"She assumed that I did not speak Swedish."
Translation:Hon antog att jag inte talade svenska.
25 CommentsThis discussion is locked.
In subordinate clauses, the adverb (inte) comes before the verb. It’s a tricky feature of Swedish. Look at these examples:
- Det regnar inte i dag. (It doesn’t rain today.)
Jag gick ut, eftersom det inte regnade. (I went out, since it didn’t rain.)
Han kommer alltid. (He always comes.)
- Jag tror att han alltid kommer. (I think that he always comes.)
The subordinate clause can also come first:
- Eftersom bussen ofta är försenad, kommer hon sent till jobbet. (Since the bus is often late, she is late for work.)
- När jag inte jobbar, lagar jag mat. (When I don’t work, I cook.)
Watch out for words like att, eftersom, när, då since they’re often followed by a subordinate clause and pay attention to the word order then.
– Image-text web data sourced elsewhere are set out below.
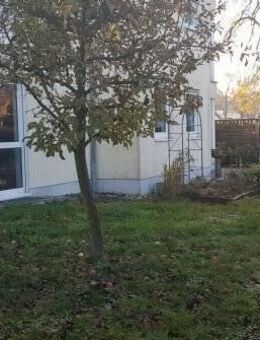 Lichtdurchflutete Wohnung mit eigenem Garten, vermietete Kapitalanlage - Falkensee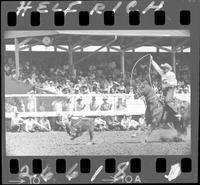 Dean Oliver Calf Roping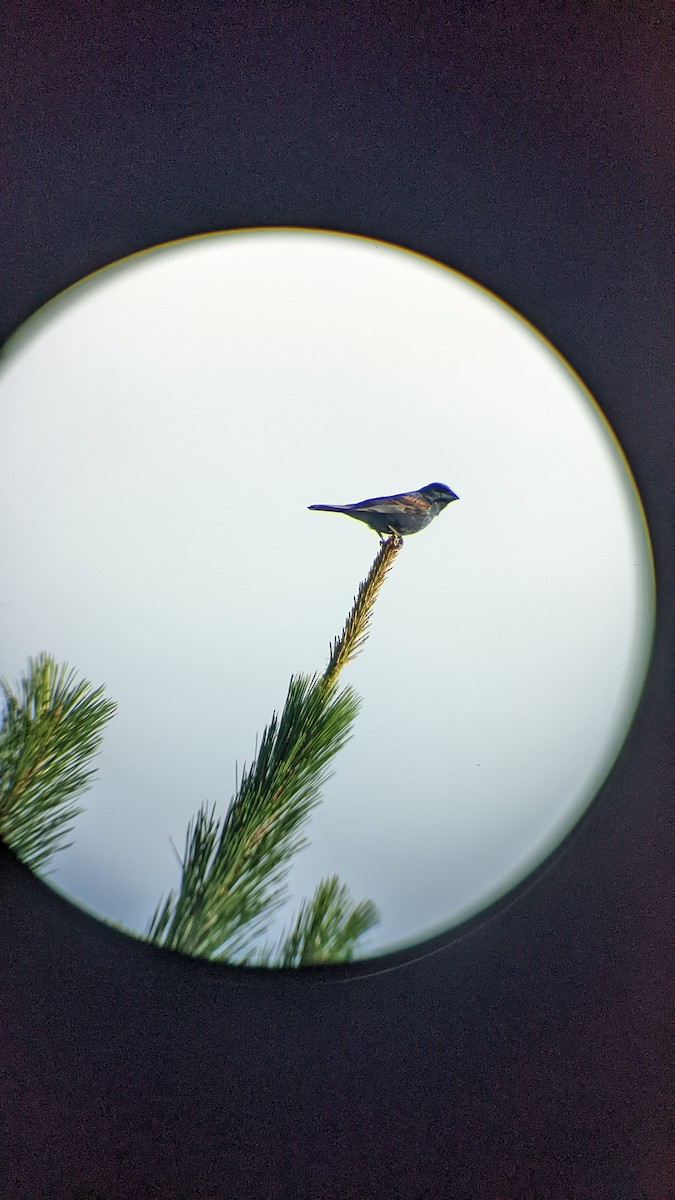 Blue Grosbeak - ML471160301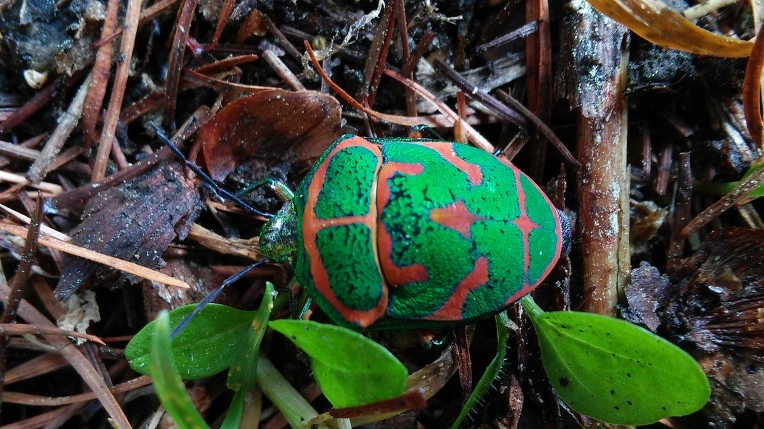 24119C4559300A400535D5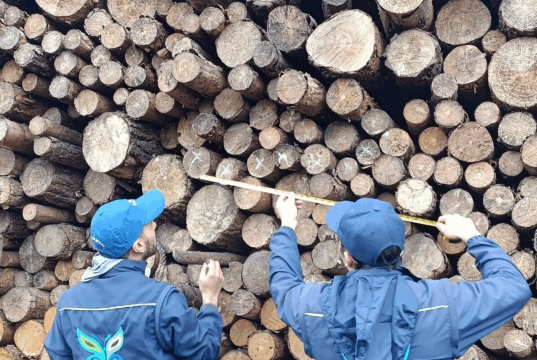 Autoridades imponen medida preventiva a empresa maderera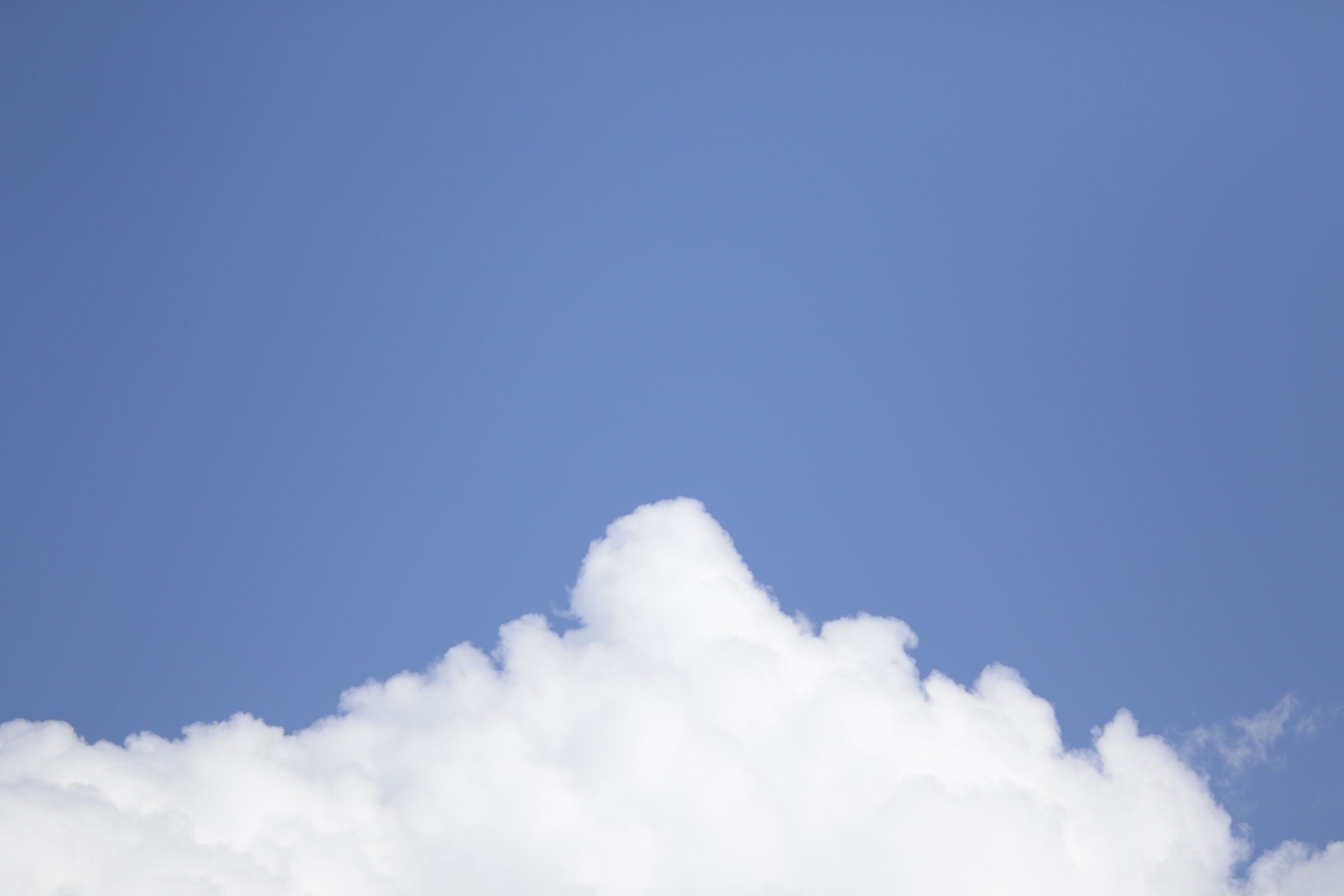 " F. 2 ", 1/ 8.0 0 0, ISO 125- 7D II, 135 F. 2 L U...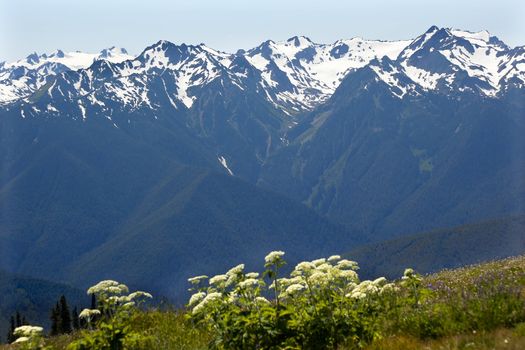 Snow Mountains Hurricane Ridge Olympic National Park Washington State Pacific Northwest Wildflowers Green Valleys Ridge Line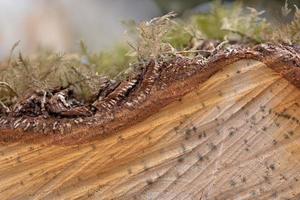 Close up of the bark and grain of an old felled log covered with moss photo
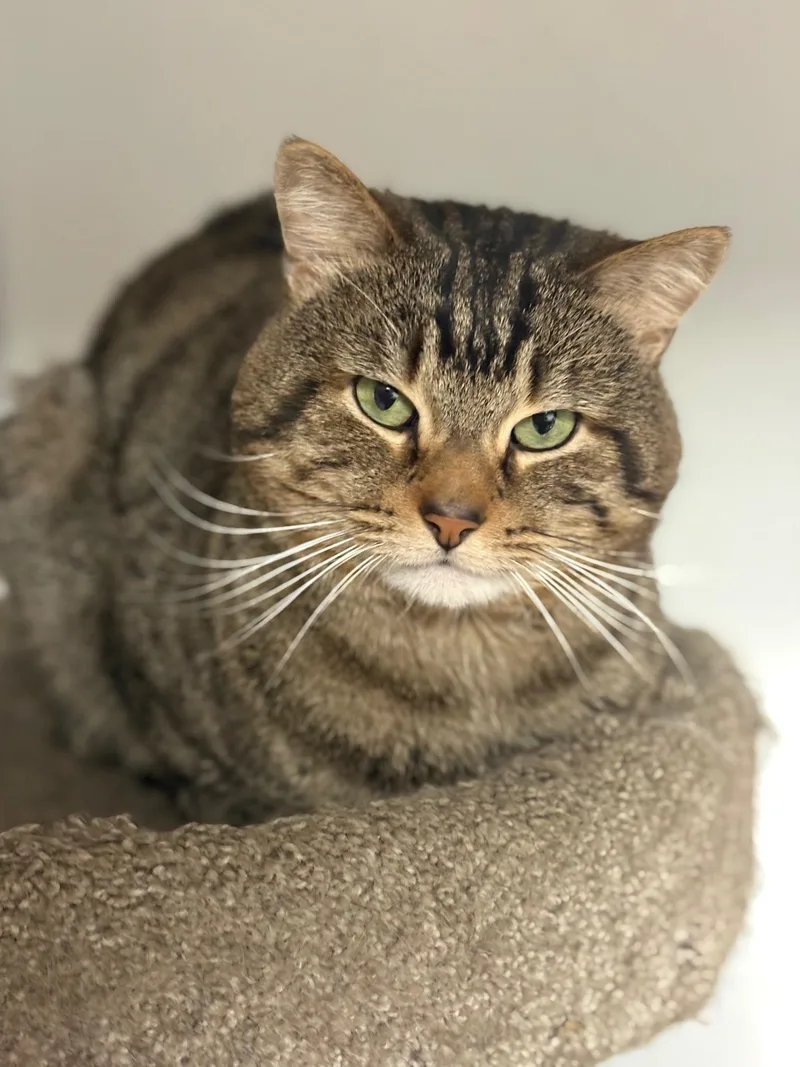 An adult medium-sized male Tabby (Tiger Striped) Domestic Short Hair cat named Gulliver for adoption in Bridgeport, CT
Hi. So, I've finally found a good place to ask this question : I don't understand the distinction between the kind of (sub-)clause where it's "[subject] inte [verb]", and the kind where it's "inte [verb] [subject]"
In this example, if "I did not speak Swedish" is a subclause, why don't we say "talade jag" (instead of "jag talade"), and if it is not, why do we say "inte talade" (instead of "talade inte")?
The suggested answer is Hon antog att jag inte talade svenska. But all accepted answers can be shown as 'another correct answer' (it tries to match your input to the closest accepted answer).
A closer translation of …att jag inte kunde svenska would be '…that I did not know Swedish'.